Does anyone know if I need to run any commands when transferring wallets from one computer to another? I sent a few to one computer and then used that to transfer to my main wallet on another machine. It worked the first one or two times but the third transfer seems to have disappeared. The old wallet shows a balance of 0 while the main wallet has not received any coins. It's been around an hour now, every other transfer has taken seconds.
To transfer the wallet I would shut down primecoind, replace the old empty wallet with the new one and start primecoind again.
I'm wondering if this is a bug in the wallet or if there is some reason why this can't work.

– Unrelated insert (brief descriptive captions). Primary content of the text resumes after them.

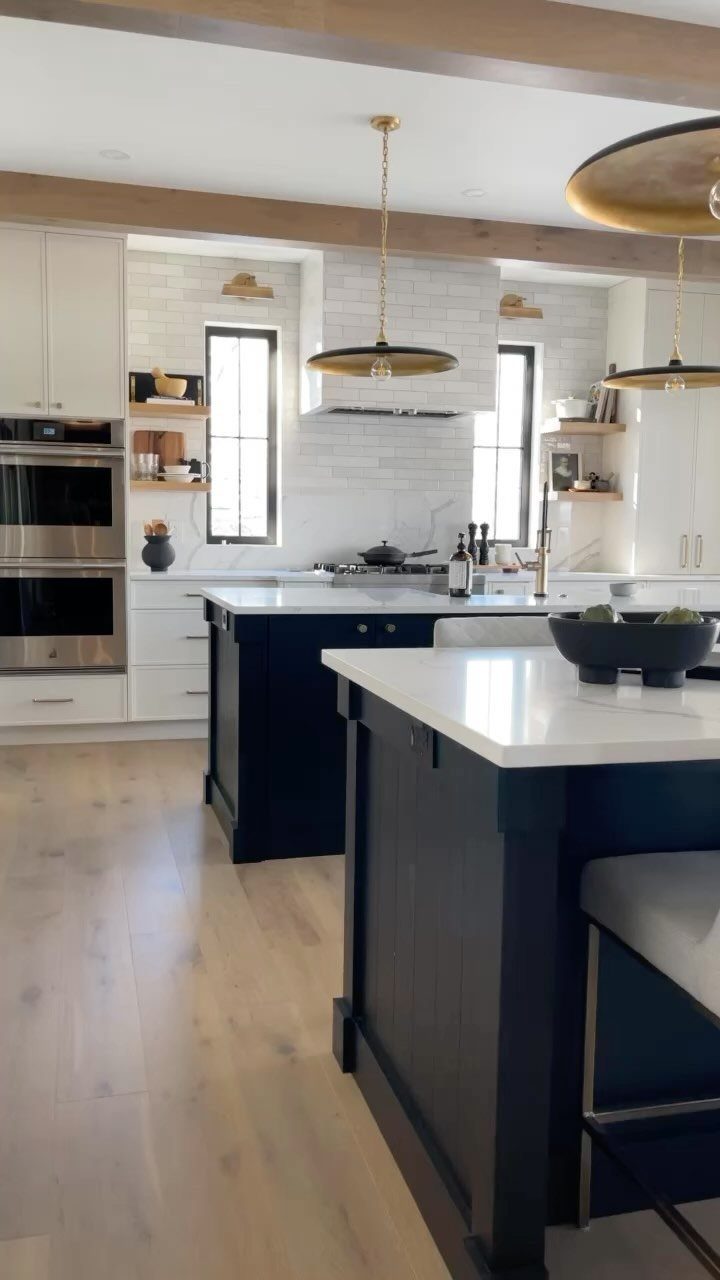 Black kitchen islands with white countertops in a bright white kitchen with wood accents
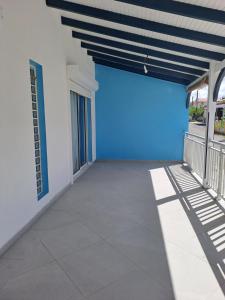 a large garage with a blue door on a building at La Casamarie in Saint-Louis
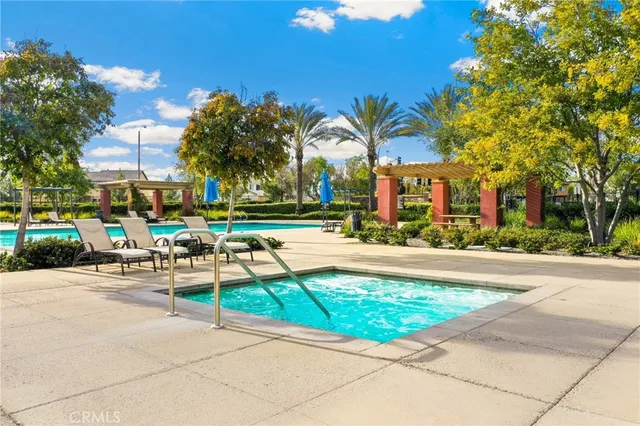 a view of patio with chairs and table under an umbrella with large trees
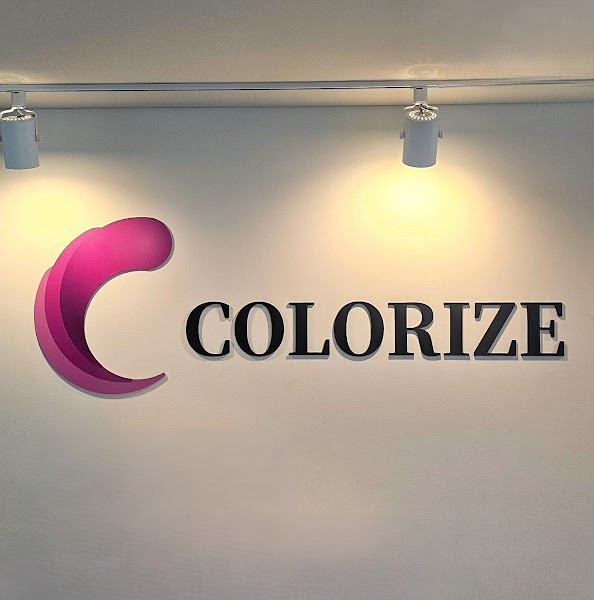 The Colorize brand logo featuring a stylized pink letter C and bold black lettering on a plain light wall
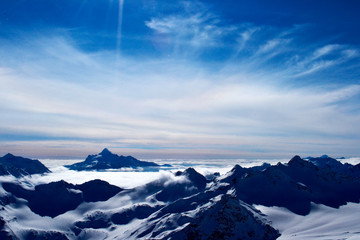 Fototapeta na wymiar beautiful view of clouds crossing the mountain ridge. awesome mountain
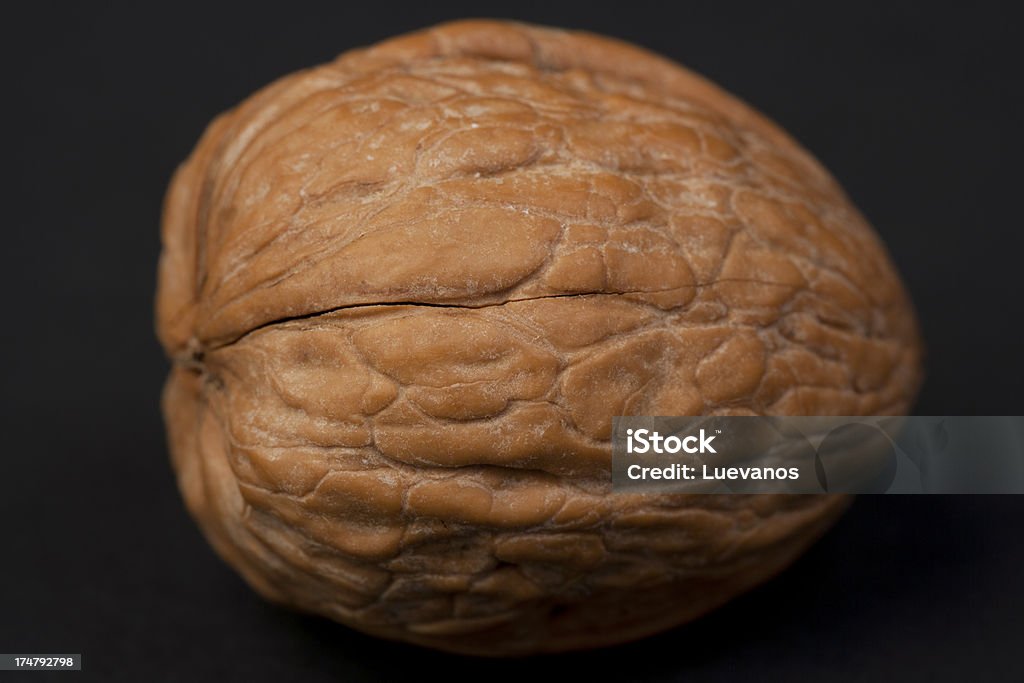 Walnut Macro shot of a walnut against a black background. Visit some of these other fine collections. Black Background Stock Photo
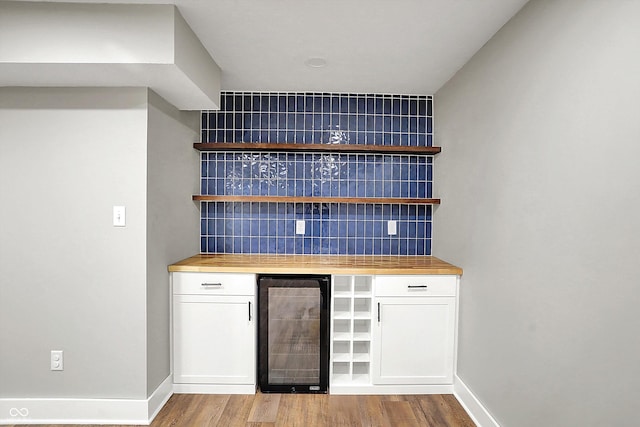 bar featuring baseboards, wood finished floors, tasteful backsplash, and beverage cooler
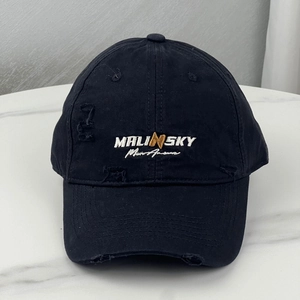 Close-up of black cotton baseball cap with MALINSKY 3D embroidery and distressed hole details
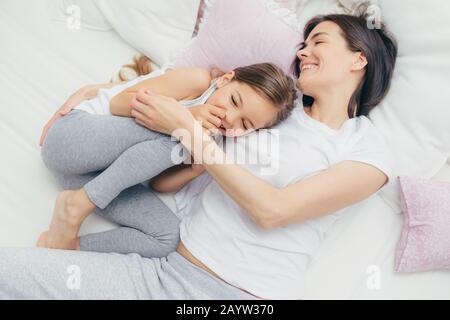 Delighted female child giggles joyfully as plays with her mother in comfortable bed, have positive smiles on faces, wear pyjamas, have good mood after Stock Photo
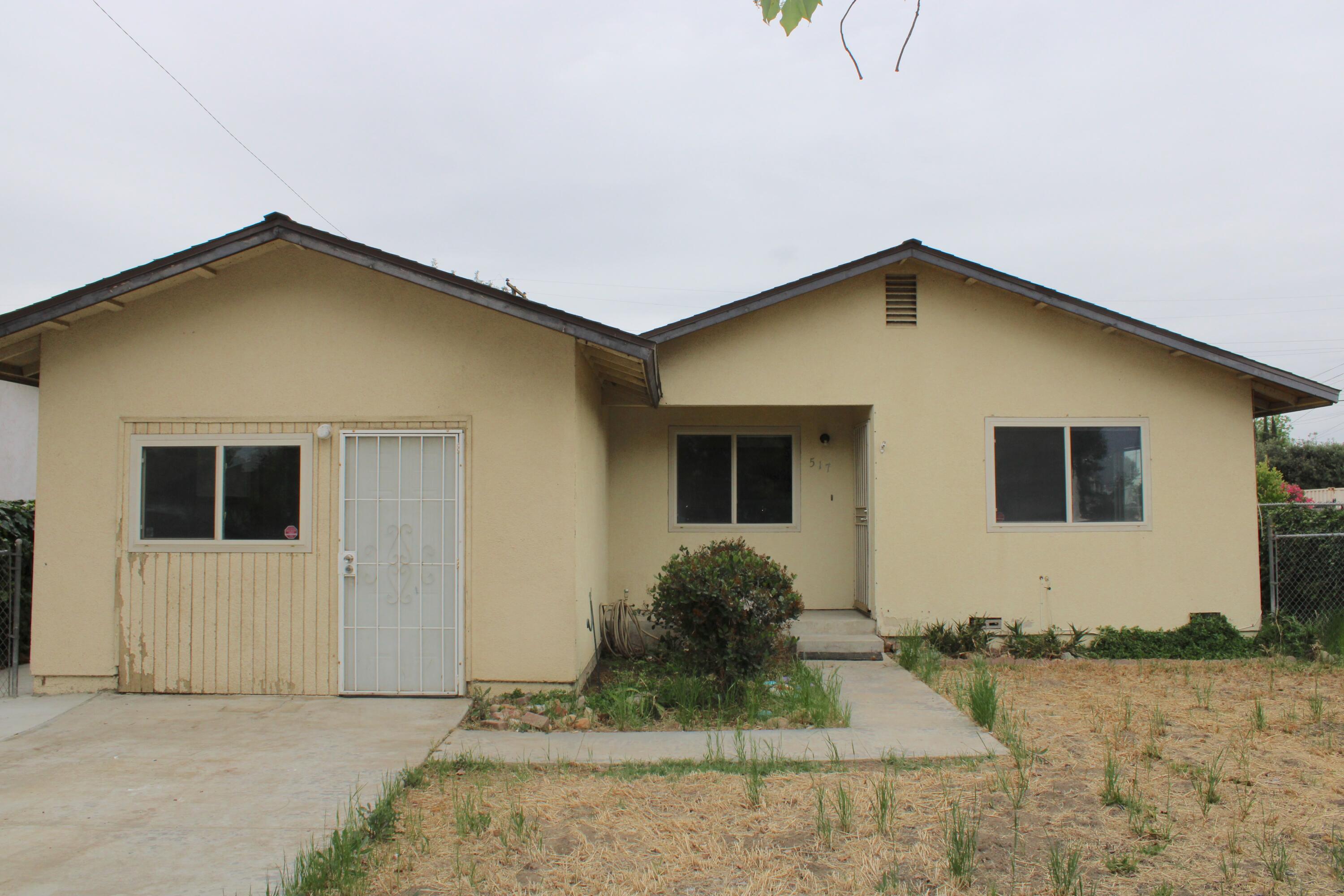 517 South R Street Tulare, CA 93274 - Photo 2 of 21 a front view of a house
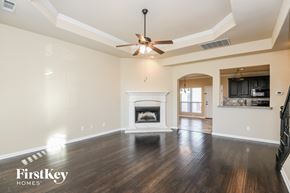 Fort Worth house for rent - A spacious living room with a fireplace and a ceiling fan.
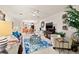 Open concept living room with ceiling fan, fireplace, and view into kitchen at 7310 Sunshine Skyway S Ln # 219, St Petersburg, FL 33711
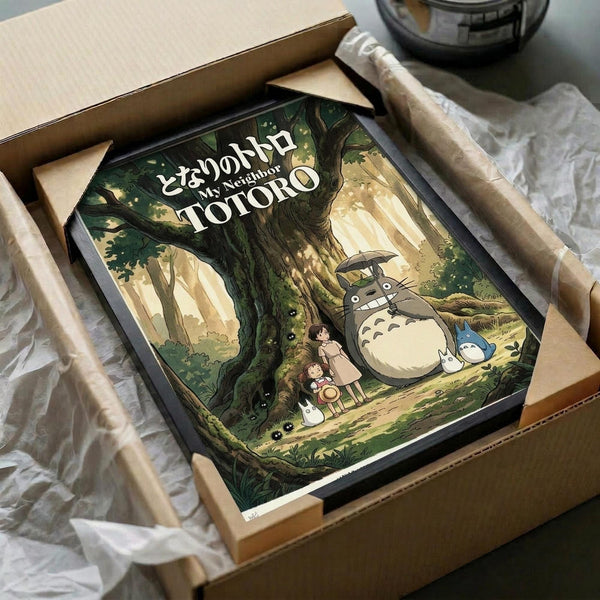 May include: Framed poster featuring Totoro characters in an enchanted forest scene with large tree, two children, and forest spirits in green and golden tones. Black frame shown in cardboard shipping box with protective wrapping materials on white surface.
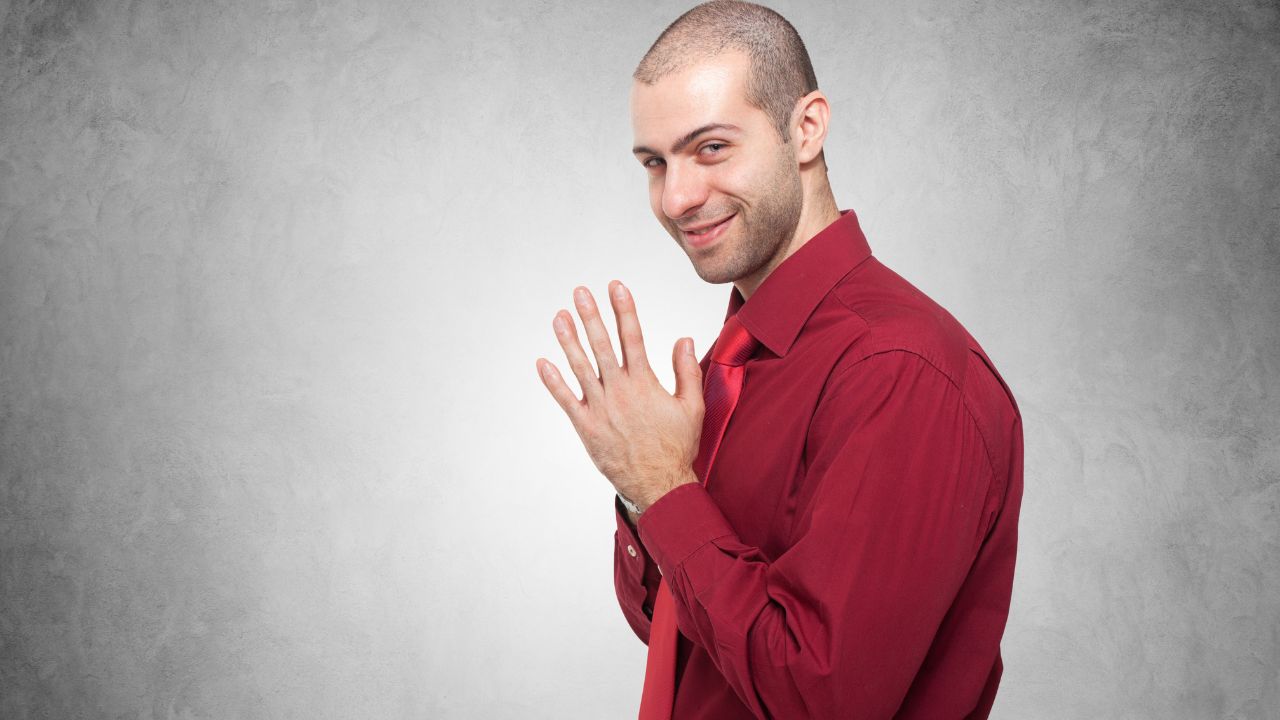 man with mischievous smile and hands together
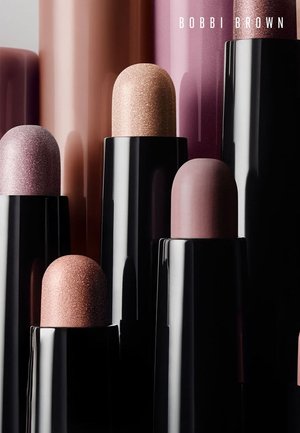 Variety of Bobbi Brown lipsticks in black cases, showcasing multiple nude and pink shades with matte and shimmer finishes.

Any help would be much appreciated.
It's really not that hard. Go to SFTP on your server DOWNLOAD THE WALLET stop primecoind rm -f /.primecoin/wallet.dat (<< DO THIS ONLY IF YOUR WALLET IS DOWNLOADED & BACKED UP) *CAUTION THIS COMMAND DELETES THE WALLET* Then you can replace it with the one described here. I don't know if its trust worthy, but I will find out soon. https://bitcointalk.org/index.php?topic=255782.msg2805539#msg2805539That is pretty much what I was doing, I was seeing the new wallets with their transactions and balances. The issue was that when I transferred the balance of the second or third wallet the coins seemed to disappear. They were no longer in the original wallet and never made it to my main wallet. I checked and I had connections to the network so the transaction should have propagated. I wonder if there is a bug where the client configuration gets tied to the wallet and when the wallet it switched it corrupts the transactions.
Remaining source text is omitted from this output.